We present two distinct case studies from the energy sector that illustrate this challenge: Cost Distribution of Congestion Income and Cost Sharing of Remedial Actions. Through these examples, we demonstrate that achieving a “fair” outcome is not an add-on but an integral part of the modeling process. We conclude that successful applications of mathematical programming in this domain require not only technical expertise but also a deep understanding of the human and policy factors that define what is perceived as a just and equitable solution.

Biography: Michał Kłos is the Deputy Director for Computational Method Development at the NCAE Bureau (Polskie Sieci Elektroenergetyczne S.A., the Polish TSO) and former Director of the Interdisciplinary Center for Energy Analyses (ICAE) in the National Centre for Nuclear Research. He specializes in mathematical modeling and optimization for energy markets and power systems, with a focus on implementing EU regulations.

His work involves developing practical algorithms, including the clustering algorithm used in the first ENTSO-E Bidding Zone Review. He also co-authored the IP-DSR service concept, being responsible for the contracting and operational dispatch algorithms for service providers. His expertise includes leading energy market modeling projects for Transmission System Operators and acting as an expert on cost-sharing methodologies and congestion income distribution.

A graduate of Computer Physics from Jagiellonian University, he has authored over a dozen scientific publications and is a regular speaker at the annual European Energy Markets conference.

Geoffrey De Smet, Timefold

Abstract: Almost 20 years ago, I created an open source solver, now called Timefold Solver. These days, it is used across the globe to optimize vehicle routing problems, job shop scheduling, shift rostering and many other planning cases, directly or indirectly affecting the lives of millions of people.
In this keynote, I’ll cover the challenges, successes and lessons learnt. What makes our solver unique. How our engineering culture handles trade-off decisions. And why the timing is right for all of us to make Operations Research mainstream.

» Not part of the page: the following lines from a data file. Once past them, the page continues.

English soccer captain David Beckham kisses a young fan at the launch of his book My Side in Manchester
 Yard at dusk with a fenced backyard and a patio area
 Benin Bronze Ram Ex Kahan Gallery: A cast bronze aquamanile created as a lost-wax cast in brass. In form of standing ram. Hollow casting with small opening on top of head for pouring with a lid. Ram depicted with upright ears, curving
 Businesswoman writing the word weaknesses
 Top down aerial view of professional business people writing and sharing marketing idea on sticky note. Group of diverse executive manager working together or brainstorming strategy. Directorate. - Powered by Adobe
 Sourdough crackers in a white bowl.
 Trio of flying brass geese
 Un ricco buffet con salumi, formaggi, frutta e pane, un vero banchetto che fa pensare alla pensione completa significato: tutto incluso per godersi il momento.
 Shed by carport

Biography: Geoffrey De Smet is founder/CTO of Timefold and the creator of OptaPlanner, its predecessor. He’s an expert in planning optimization, an active open source contributor and an international speaker. His technology is in use across the globe, to automate complex scheduling and routing of hundreds of thousands of employees, vehicles and machinery every day. Before founding Timefold, he worked as a Senior Principal Software Engineer at Red Hat (IBM), project lead at Schaubroeck and as an academic researcher at Kaho Sint-Lieven (KU Leuven).

Tomasz Stopa, IBM

Abstract: For over 40 years the universal quantum computer was a holy grail for scientists. Today, we already have noisy, intermediate scale quantum computers (NISQ) to play with. These current devices are already believed to allow getting results beyond reach for classical supercomputers.

In the talk we’ll explore the current state of quantum computing technology on the example of IBM, we’ll see how to play with these toys and why they should become part of your scientific explorations. The talk will provide a review of promising OR applications of quantum computers and algorithms to start experimenting with. We’ll also explore current limitations and necessary gain of capabilities to allow for tackling really meaningful OR problems. Finally, we’ll cover when we plan to get the actual holy grail (error corrected quantum computer) and how we believe it will look like.

Biography: Tomasz Stopa works as software development manager in IBM’s Kraków Lab, Poland. He obtained his Ph.D. in theoretical solid state physics from AGH University of Science and Technology.

IBM Master Inventor with 35 patents and scientific publications. As IBM Quantum Ambassador promotes quantum computing within industry, academia and high schools. Co-organizer of Kraków Quantum Computing Seminar (KQIS) and mentor in quantum computing hackathons.